Making Context Usage Observable
Even though the system runs automatically, we wanted developers to see what was happening.
So we added context metrics directly to the API response.

Example:

"context_usage": {
 "used_tokens": 1302,
 "context_limit": 8191,
 "percent": 19.9,
 "summary_tokens": 0,
 "model": "gpt-4"
}

This makes it easy to track:
how much context is being used when summarization happens how close you are to a model’s limit which model processed the request

For production systems, this visibility is useful for debugging and optimization.

Why We Think This Belongs in Infrastructure
A lot of AI applications now route between multiple models depending on cost, latency, or capability.
But context window management often ends up as application code.
Our view was that this is infrastructure responsibility, not application responsibility.
Developers should be able to move between models freely without rebuilding state management every time.

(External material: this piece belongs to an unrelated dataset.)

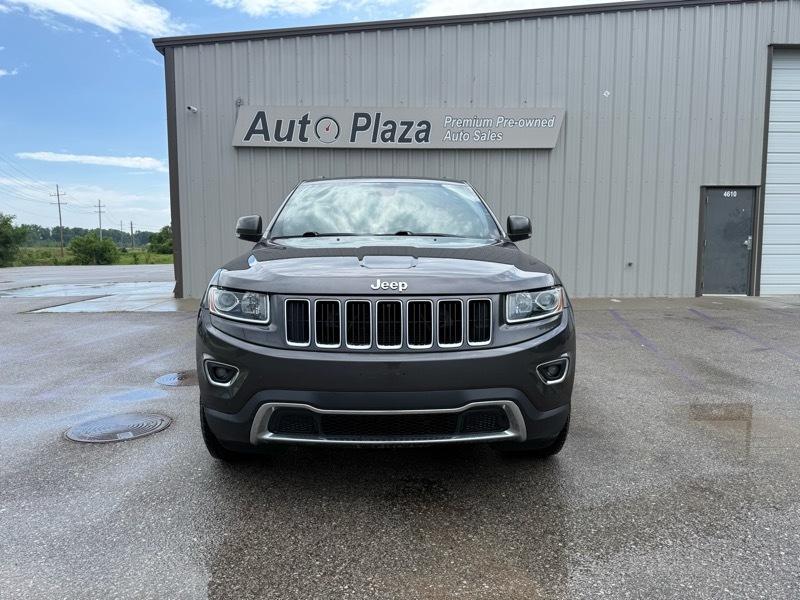 Jeep Grand Cherokee Limited 4WD 2014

Adaptive Context Management
We ended up calling this system Adaptive Context Management.
Its job is simple:
Ensure the conversation state always fits the model being used.
No prompt surgery.
No manual truncation logic.
No context window surprises.

As AI systems move toward multi-model architectures, context management becomes one of the most important reliability problems.

Different models will always have different limits.
The goal is to make those differences invisible to developers.

If you are curious about the architecture behind this or how we tested summarization quality, I’d love to hear how others are approaching context management in multi-model systems.

Adaptive Context Management is now available in Backboard and automatically enabled for users.